J Chem Phys. 2023 Jul 14;159(2). doi: 10.1063/5.0148735.
Clustering has become an indispensable tool in the presence of increasingly large and complex datasets. Most clustering algorithms depend, either explicitly or implicitly, on the sampled density. However, estimated densities are fragile due to the curse of dimensionality and finite sampling effects, for instance, in molecular dynamics simulations. To avoid the dependence on estimated densities, an energy-based clustering (EBC) algorithm based on the Metropolis acceptance criterion is developed in this work. In the proposed formulation, EBC can be considered a generalization of spectral clustering in the limit of large temperatures. Taking the potential energy of a sample explicitly into account alleviates requirements regarding the distribution of the data. In addition, it permits the subsampling of densely sampled regions, which can result in significant speed-ups and sublinear scaling. The algorithm is validated on a range of test systems including molecular dynamics trajectories of alanine dipeptide and the Trp-cage miniprotein. Our results show that including information about the potential-energy surface can largely decouple clustering from the sampled density.
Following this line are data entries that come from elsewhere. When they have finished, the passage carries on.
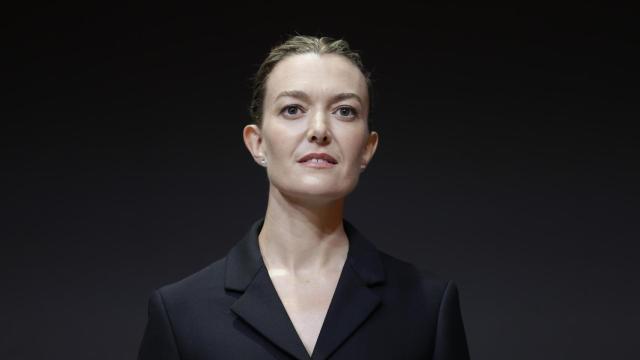 La presidenta de Inditex, Marta Ortega, en la junta general de accionistas de 2023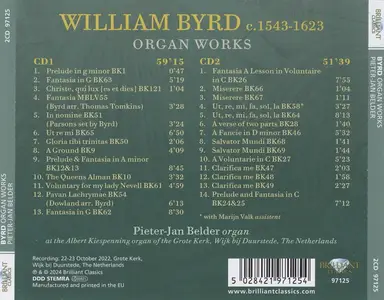 Pieter-Jan Belder - William Byrd: Organ Works (2024)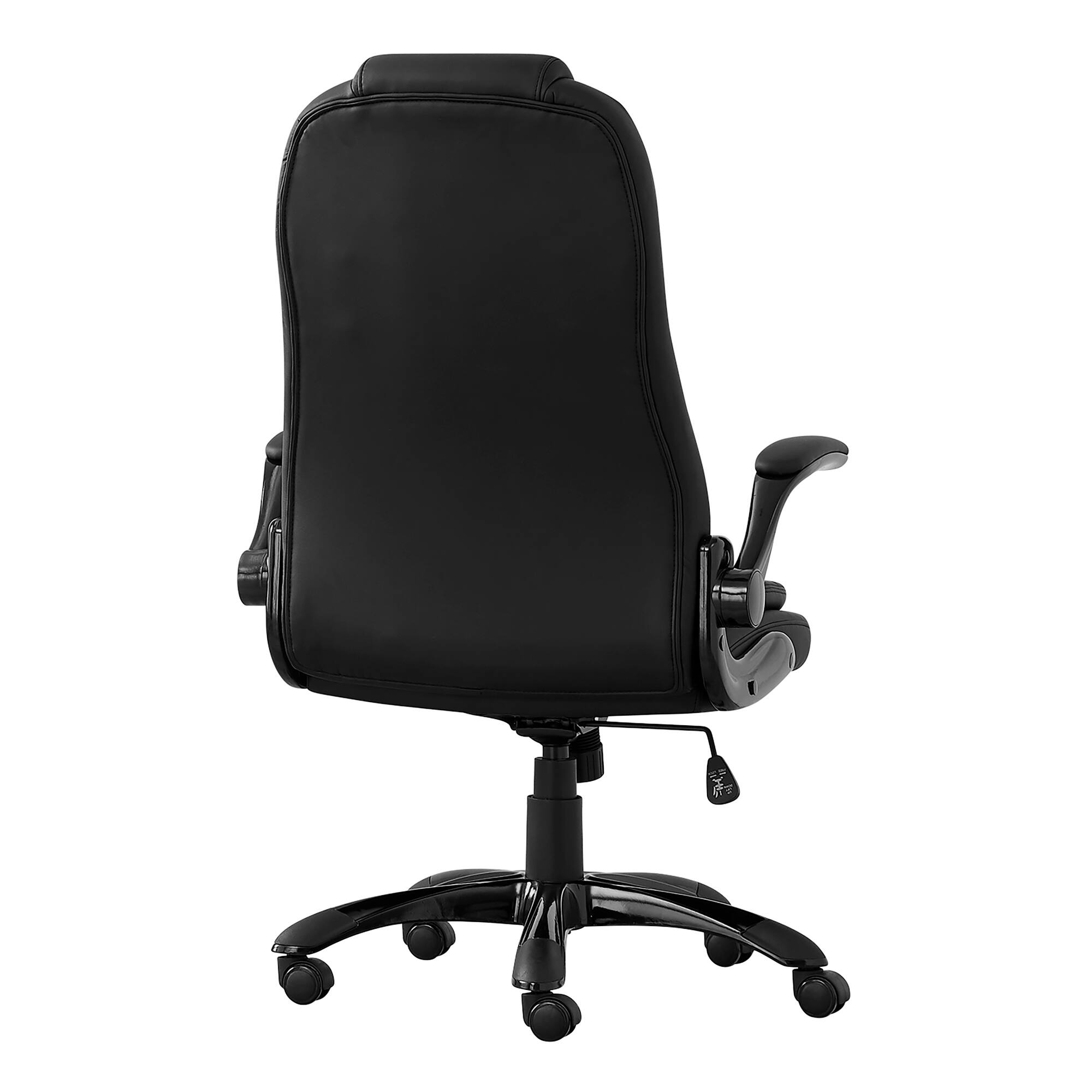 Alt View 1. Spaco - Spaco Ergonomic Gaming Office Chair with High Back, Adjustable Height, Tilt, Swivel, Flip-Up Armrests and Leather - Black.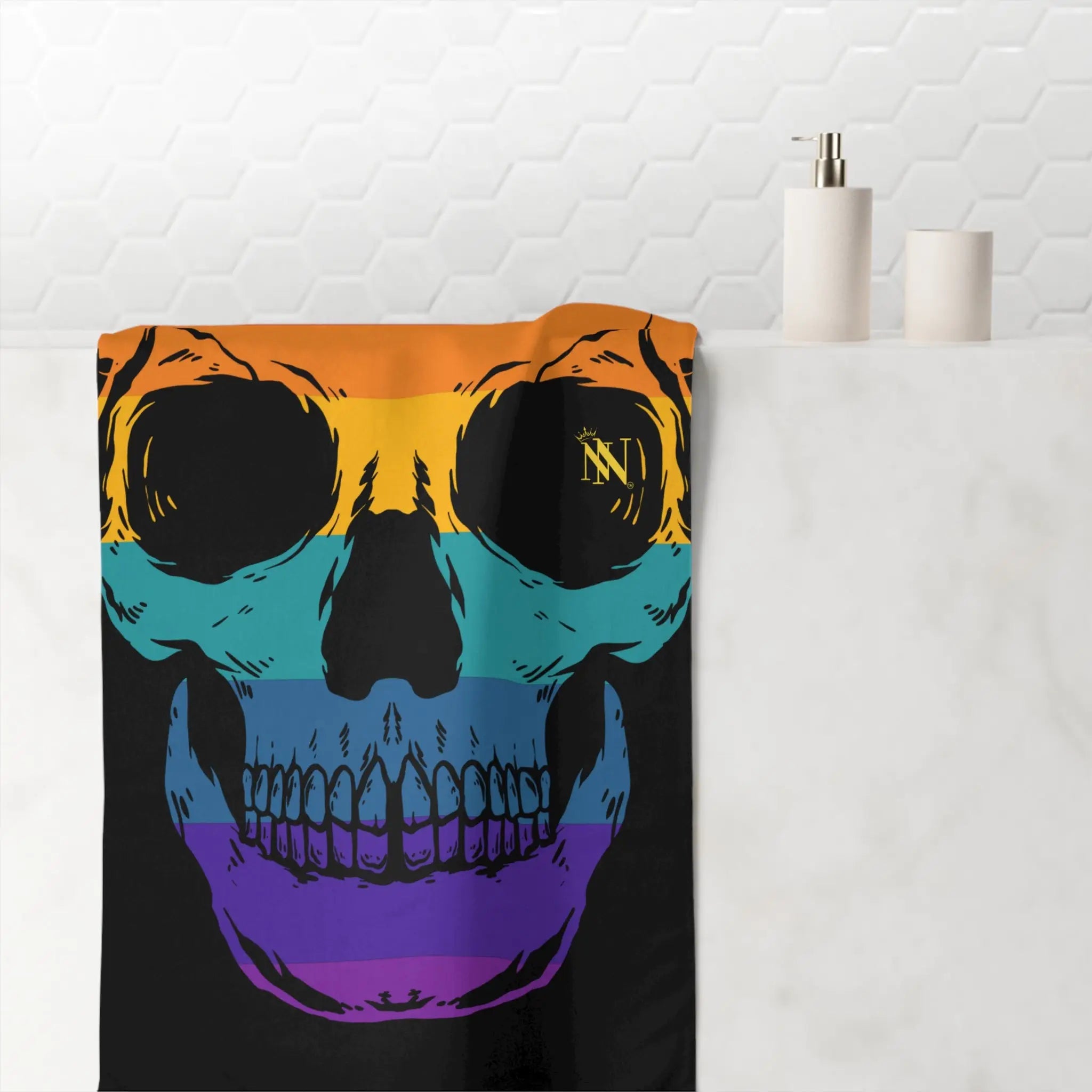 Colorful Skull | Mix & Match XL Fun-Flirty Lovers’ Towels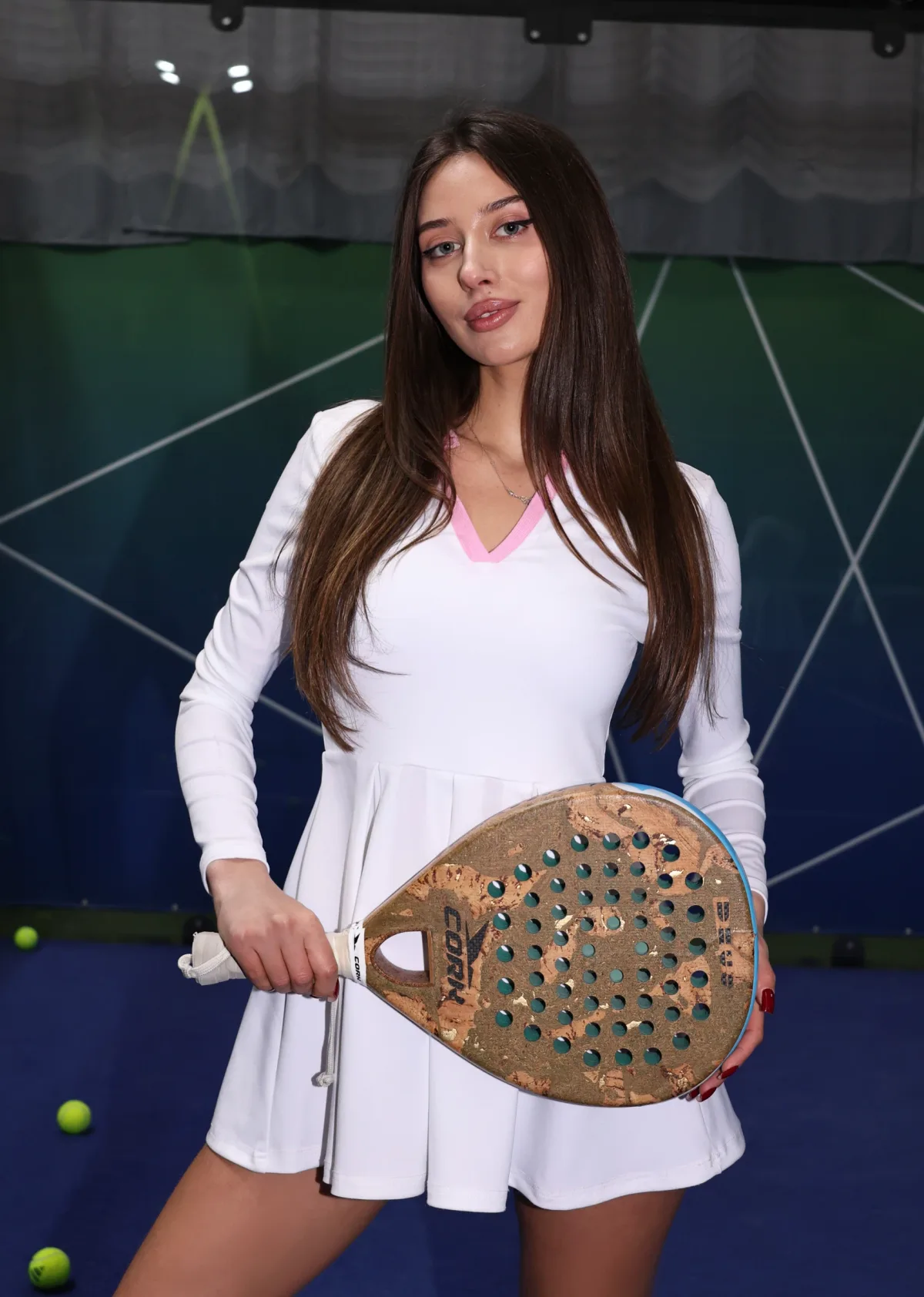 Сукня White Classic, молочний, рожевий комір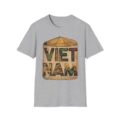 Vietnam Vintage Travel T-Shirt | Retro Conical Hat Graphic Tee for Men & Women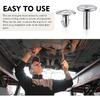 WZP 14PCS Lower Engine Cover Pin Screws, Radiator Support, Radiator Engine Access Cover Pin Clip, Splash Shield Bolt Screw Fastener Clip,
聚类已经成为处理日益庞大和复杂数据集的不可或缺的工具。大多数聚类算法要么显式地,要么隐式地依赖于采样密度。然而,由于维度诅咒和有限的采样效应,例如在分子动力学模拟中,估计的密度是脆弱的。为了避免对估计密度的依赖,本文开发了一种基于 Metropolis 接受准则的基于能量的聚类(EBC)算法。在提出的公式中,EBC 可以被认为是在大温度极限下谱聚类的推广。明确考虑样本的势能可以减轻对数据分布的要求。此外,它允许对密集采样区域进行子采样,从而可以实现显著的加速和次线性缩放。该算法在一系列测试系统上进行了验证,包括丙氨酸二肽和 Trp-cage 小蛋白的分子动力学轨迹。我们的结果表明,包含关于势能面的信息可以将聚类与采样密度很大程度上解耦。